### SUPPLIED INFORMATION
====

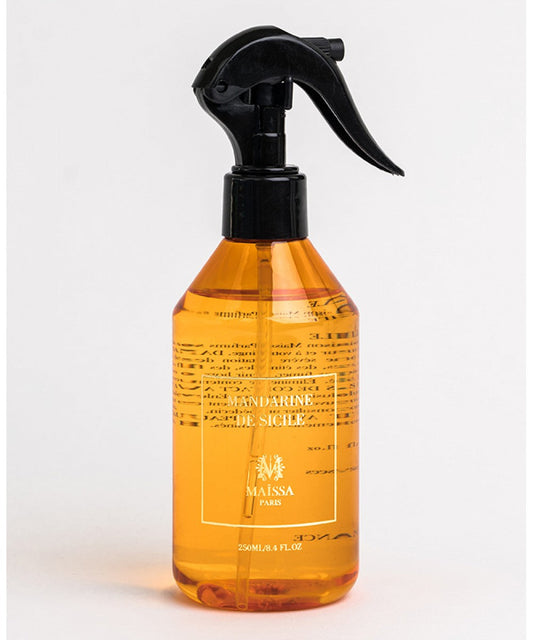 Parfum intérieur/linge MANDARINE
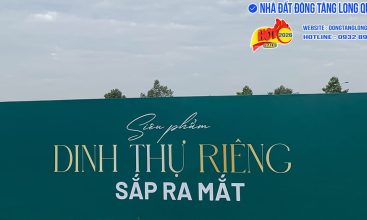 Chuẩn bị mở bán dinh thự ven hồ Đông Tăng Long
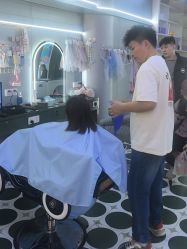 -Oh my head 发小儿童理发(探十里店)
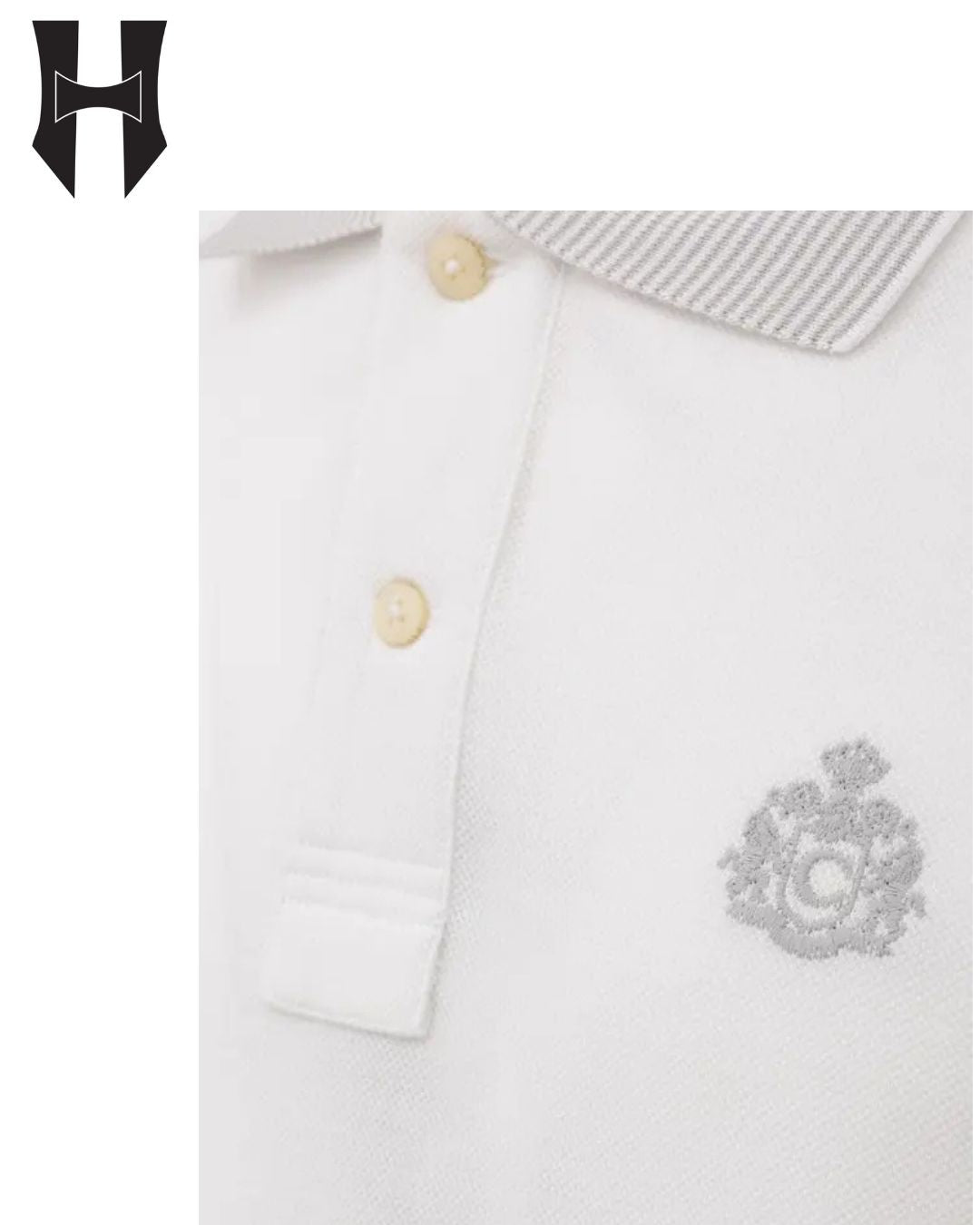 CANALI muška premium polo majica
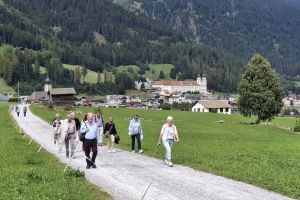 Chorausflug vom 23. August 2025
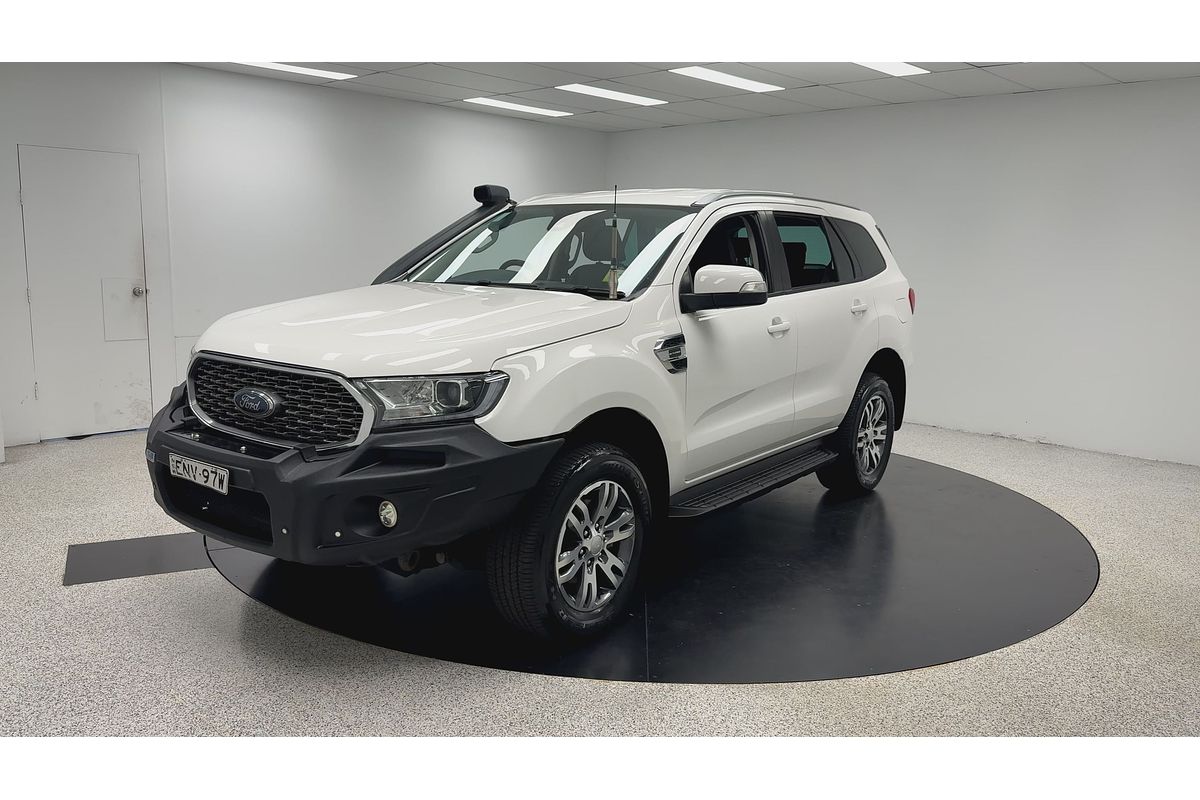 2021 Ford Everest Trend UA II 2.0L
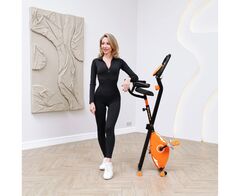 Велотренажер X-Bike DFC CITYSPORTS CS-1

====

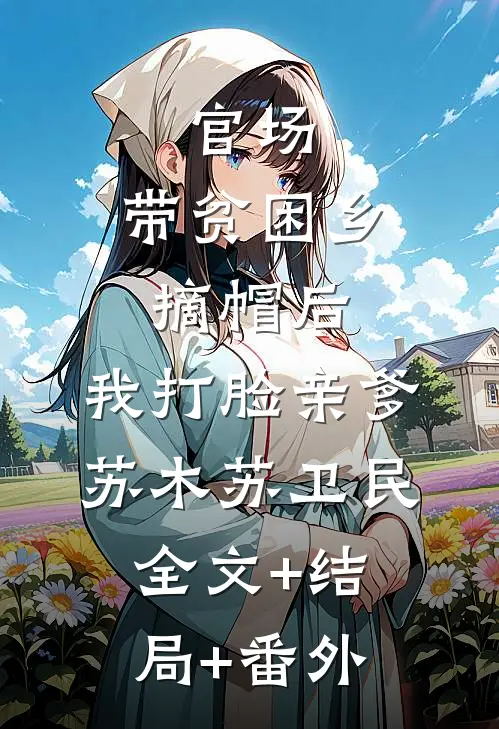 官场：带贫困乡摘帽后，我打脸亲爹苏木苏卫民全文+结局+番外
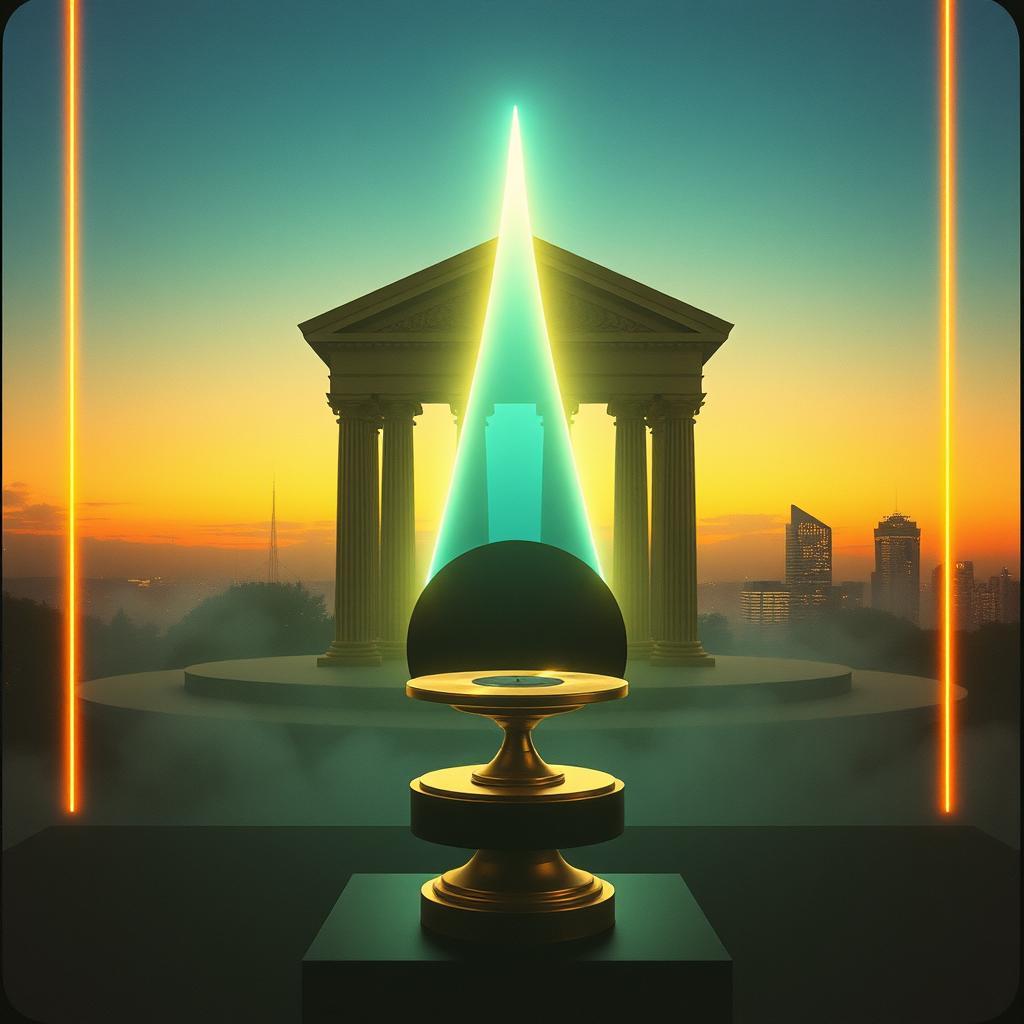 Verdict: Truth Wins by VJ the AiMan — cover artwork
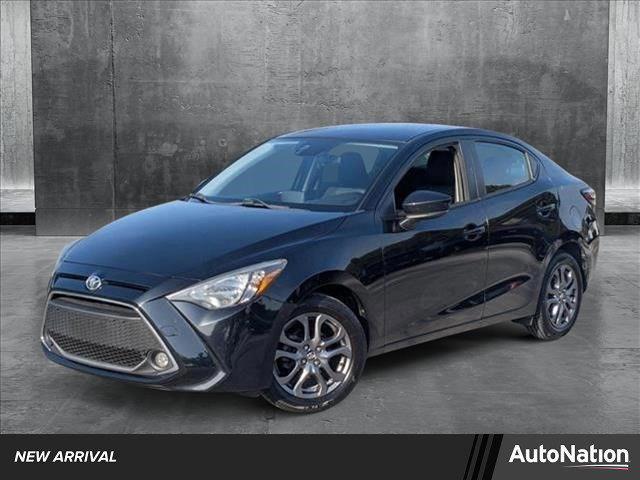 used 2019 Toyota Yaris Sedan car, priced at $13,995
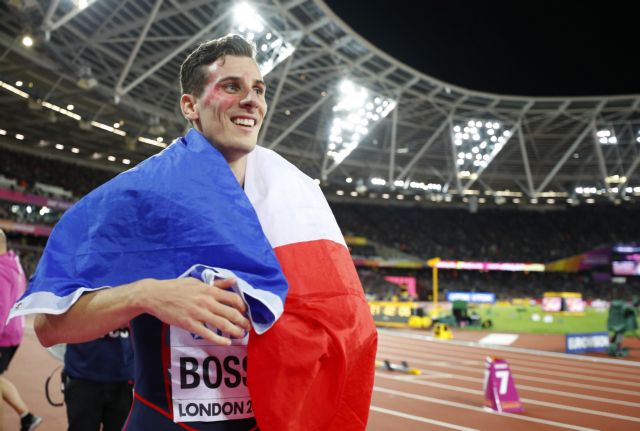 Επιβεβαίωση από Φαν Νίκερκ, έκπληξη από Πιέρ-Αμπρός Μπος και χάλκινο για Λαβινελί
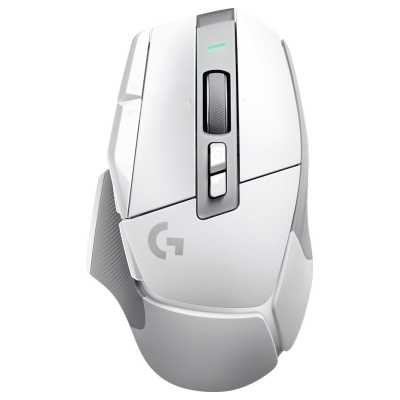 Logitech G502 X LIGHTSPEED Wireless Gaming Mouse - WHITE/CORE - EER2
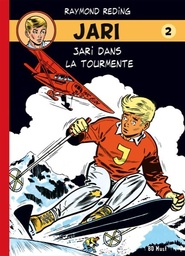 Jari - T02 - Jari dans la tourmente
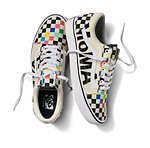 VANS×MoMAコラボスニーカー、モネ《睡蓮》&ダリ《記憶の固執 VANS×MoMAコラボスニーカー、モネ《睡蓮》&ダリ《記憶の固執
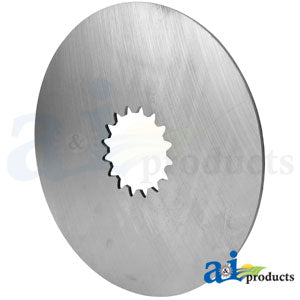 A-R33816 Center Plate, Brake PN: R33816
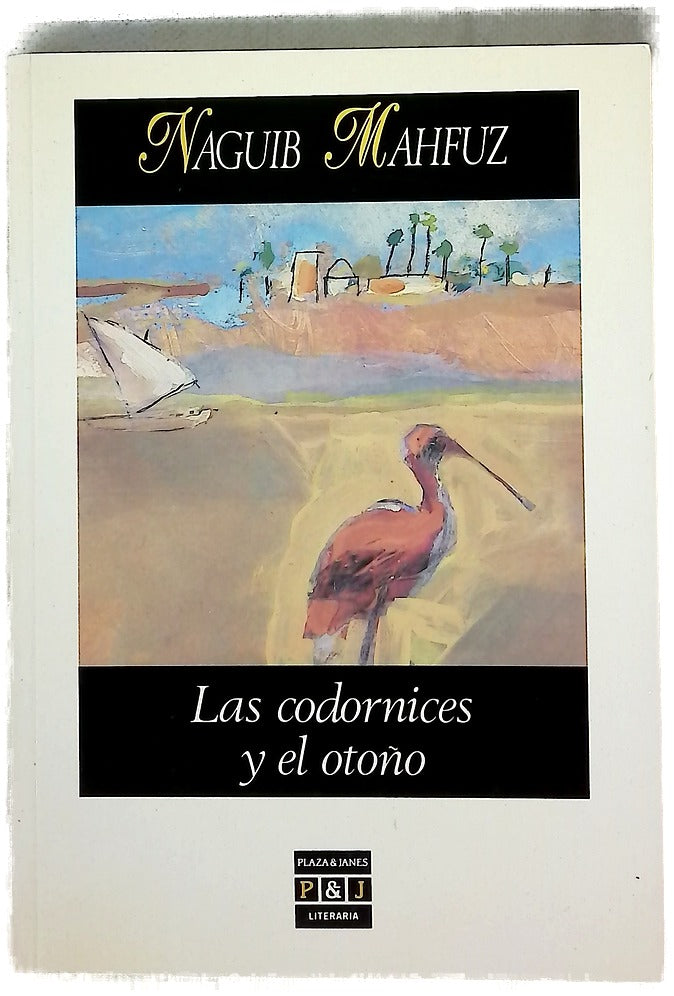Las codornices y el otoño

====

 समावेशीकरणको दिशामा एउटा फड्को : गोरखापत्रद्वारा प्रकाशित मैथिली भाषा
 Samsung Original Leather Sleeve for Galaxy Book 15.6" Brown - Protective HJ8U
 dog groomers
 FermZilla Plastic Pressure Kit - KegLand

====

In the listing above, find the line containing "Chorausflug vom 23. August 2025" and the line containing "Велотренажер X-Bike DFC CITYSPORTS CS-1", then write out both of them and every line between, exactly, with no pictures.

 Chorausflug vom 23. August 2025
 2021 Ford Everest Trend UA II 2.0L
 Велотренажер X-Bike DFC CITYSPORTS CS-1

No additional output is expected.